In the three months ending Dec. 31, Nissan’s operating profit hit 27.1 billion Japanese yen, compared to 22.7 billion yen in the same period a year earlier.

For the fiscal year ending March 31, Nissan said it was now expecting a net loss of 530 billion yen, or roughly $5.1 billion. It had previously forecast a net loss of 615 billion yen.

The company has also revised its sales outlook to 4.015 million units, compared to a previous projection of 4.165 million units, a drop of 3.6%.

Changing times

As governments around the world announce plans to move away from diesel and gasoline vehicles, Nissan, alongside many other carmakers, is attempting to ramp up its electric offering and challenge firms such as Elon Musk’s Tesla.

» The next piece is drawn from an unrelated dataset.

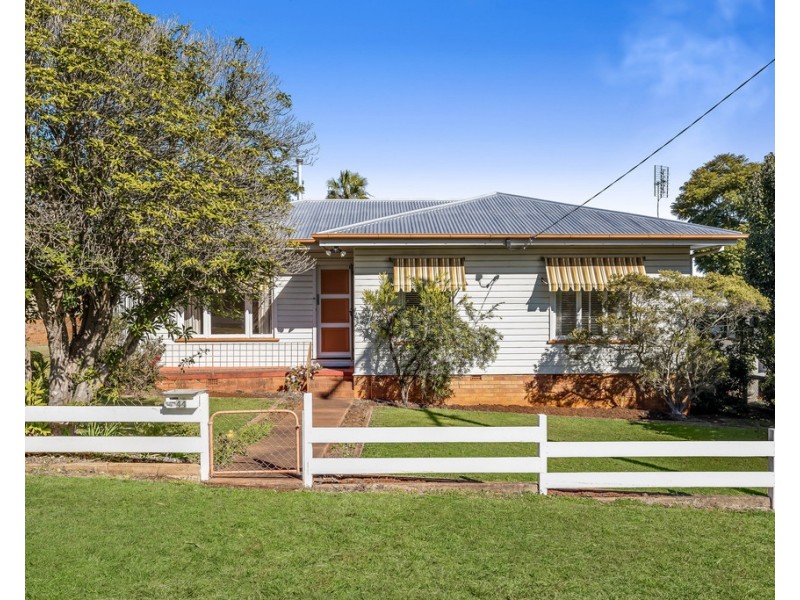 44 Long Street, Rangeville QLD 4350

South Korean carmaker Kia, for instance, will launch its first dedicated electric vehicle this year, while Germany’s Volkswagen Group is investing approximately 35 billion euros (around $42.35 billion) in battery electric vehicles and says it wants to roll out roughly 70 all-electric models by 2030.  

Last month, the CEO of Daimler told CNBC that the automotive industry was “in the middle of a transformation.”

“Next to the things that we know well — to build, frankly, the world’s most desirable cars — there are two technological trends that we’re doubling down on: electrification and digitization,” Ola Källenius told CNBC’s Annette Weisbach.

The Stuttgart-headquartered firm was “pouring billions into these new technologies,” he added, stating they would “drive our path towards CO2 free driving.” This decade, he went on to claim, would be “transformative.”